Start of Block

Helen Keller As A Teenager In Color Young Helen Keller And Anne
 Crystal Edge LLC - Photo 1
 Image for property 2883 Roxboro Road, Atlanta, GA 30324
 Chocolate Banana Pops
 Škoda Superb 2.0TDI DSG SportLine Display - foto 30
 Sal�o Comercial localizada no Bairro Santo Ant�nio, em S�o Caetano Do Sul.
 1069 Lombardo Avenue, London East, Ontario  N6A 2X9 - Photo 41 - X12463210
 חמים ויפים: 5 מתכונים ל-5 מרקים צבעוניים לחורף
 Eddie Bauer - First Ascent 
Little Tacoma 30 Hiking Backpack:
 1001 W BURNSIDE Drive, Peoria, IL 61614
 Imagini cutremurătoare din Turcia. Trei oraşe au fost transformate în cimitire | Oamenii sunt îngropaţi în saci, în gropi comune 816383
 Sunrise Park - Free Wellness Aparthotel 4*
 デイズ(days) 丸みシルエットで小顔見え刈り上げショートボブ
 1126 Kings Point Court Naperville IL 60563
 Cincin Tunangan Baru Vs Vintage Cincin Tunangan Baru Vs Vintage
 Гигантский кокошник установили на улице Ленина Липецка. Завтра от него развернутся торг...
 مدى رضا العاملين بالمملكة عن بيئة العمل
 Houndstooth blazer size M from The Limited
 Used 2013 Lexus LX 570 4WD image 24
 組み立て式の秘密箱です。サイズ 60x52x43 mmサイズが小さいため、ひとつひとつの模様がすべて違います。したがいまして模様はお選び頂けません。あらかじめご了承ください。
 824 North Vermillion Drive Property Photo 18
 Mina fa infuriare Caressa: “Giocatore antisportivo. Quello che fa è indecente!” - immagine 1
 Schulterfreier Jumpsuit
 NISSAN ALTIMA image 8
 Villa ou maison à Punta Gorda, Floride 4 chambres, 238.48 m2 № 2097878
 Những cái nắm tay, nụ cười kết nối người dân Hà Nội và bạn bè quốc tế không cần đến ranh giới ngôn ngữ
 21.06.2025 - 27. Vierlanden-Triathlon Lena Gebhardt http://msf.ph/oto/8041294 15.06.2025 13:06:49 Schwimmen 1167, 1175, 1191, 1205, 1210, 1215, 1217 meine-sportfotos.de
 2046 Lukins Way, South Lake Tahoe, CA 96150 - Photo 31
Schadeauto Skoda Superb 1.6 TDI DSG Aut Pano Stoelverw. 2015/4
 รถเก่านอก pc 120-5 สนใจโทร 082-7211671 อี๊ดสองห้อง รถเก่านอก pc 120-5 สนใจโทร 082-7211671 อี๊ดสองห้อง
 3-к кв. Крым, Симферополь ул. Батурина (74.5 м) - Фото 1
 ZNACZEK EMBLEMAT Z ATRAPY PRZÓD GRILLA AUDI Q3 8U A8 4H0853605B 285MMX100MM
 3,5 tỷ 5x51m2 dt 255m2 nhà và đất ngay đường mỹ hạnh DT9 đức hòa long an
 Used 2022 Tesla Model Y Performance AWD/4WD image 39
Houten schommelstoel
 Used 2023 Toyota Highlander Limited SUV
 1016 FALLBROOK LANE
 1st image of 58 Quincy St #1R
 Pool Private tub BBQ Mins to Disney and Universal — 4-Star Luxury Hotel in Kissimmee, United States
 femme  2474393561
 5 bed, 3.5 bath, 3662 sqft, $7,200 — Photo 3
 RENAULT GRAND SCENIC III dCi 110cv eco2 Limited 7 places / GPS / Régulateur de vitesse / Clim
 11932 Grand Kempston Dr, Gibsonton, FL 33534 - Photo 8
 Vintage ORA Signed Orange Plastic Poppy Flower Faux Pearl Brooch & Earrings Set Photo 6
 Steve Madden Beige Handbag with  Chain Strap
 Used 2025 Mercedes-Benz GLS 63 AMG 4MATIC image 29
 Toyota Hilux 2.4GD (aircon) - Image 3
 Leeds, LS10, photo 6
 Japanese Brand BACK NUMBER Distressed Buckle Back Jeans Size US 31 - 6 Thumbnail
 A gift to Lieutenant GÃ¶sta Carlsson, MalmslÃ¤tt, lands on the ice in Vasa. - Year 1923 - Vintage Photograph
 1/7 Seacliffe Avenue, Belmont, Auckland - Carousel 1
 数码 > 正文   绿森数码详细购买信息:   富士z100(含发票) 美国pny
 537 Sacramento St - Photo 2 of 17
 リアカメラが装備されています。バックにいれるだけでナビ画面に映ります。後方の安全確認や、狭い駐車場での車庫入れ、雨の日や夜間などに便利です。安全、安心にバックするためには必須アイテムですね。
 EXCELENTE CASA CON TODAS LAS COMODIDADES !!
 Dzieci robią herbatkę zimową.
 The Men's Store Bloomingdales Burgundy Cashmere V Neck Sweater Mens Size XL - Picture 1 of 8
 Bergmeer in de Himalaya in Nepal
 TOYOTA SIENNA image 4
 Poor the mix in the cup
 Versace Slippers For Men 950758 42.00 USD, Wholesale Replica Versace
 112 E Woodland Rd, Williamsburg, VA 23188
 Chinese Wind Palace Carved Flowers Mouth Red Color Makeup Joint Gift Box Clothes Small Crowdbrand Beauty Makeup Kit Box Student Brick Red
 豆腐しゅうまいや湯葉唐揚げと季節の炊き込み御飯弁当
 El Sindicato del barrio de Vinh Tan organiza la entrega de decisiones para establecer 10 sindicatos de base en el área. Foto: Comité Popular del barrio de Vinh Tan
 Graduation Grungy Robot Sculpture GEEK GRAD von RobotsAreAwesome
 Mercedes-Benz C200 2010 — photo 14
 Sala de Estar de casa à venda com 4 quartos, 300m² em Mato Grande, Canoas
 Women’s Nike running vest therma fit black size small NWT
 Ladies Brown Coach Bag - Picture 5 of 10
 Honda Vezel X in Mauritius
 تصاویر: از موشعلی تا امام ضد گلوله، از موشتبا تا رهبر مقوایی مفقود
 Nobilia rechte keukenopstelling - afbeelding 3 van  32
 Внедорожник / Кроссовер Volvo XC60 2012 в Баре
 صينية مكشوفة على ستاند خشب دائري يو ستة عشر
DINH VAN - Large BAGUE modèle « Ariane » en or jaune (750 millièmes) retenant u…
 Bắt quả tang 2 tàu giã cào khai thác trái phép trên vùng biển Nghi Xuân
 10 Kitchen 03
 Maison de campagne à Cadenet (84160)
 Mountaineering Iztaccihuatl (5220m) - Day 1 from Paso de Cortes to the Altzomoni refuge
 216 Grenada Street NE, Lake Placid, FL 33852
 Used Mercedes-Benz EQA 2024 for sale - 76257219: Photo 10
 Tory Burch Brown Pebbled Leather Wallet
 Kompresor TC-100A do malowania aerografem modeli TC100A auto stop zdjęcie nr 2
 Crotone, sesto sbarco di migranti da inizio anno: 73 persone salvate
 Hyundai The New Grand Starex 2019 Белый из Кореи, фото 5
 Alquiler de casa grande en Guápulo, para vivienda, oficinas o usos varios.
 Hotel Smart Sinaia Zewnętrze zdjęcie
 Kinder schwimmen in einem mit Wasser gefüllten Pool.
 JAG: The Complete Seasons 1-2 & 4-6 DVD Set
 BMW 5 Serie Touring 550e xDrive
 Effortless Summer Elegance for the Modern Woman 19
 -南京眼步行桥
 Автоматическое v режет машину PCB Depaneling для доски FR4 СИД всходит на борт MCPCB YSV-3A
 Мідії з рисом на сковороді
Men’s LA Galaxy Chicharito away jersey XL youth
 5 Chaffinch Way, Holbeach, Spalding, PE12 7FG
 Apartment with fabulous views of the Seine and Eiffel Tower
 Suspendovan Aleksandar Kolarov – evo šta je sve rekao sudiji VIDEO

End of Block

▶ Prompt
Count the lines in the records above that contain the word "from", and reply with that number alone.

▶ Answer to this task
2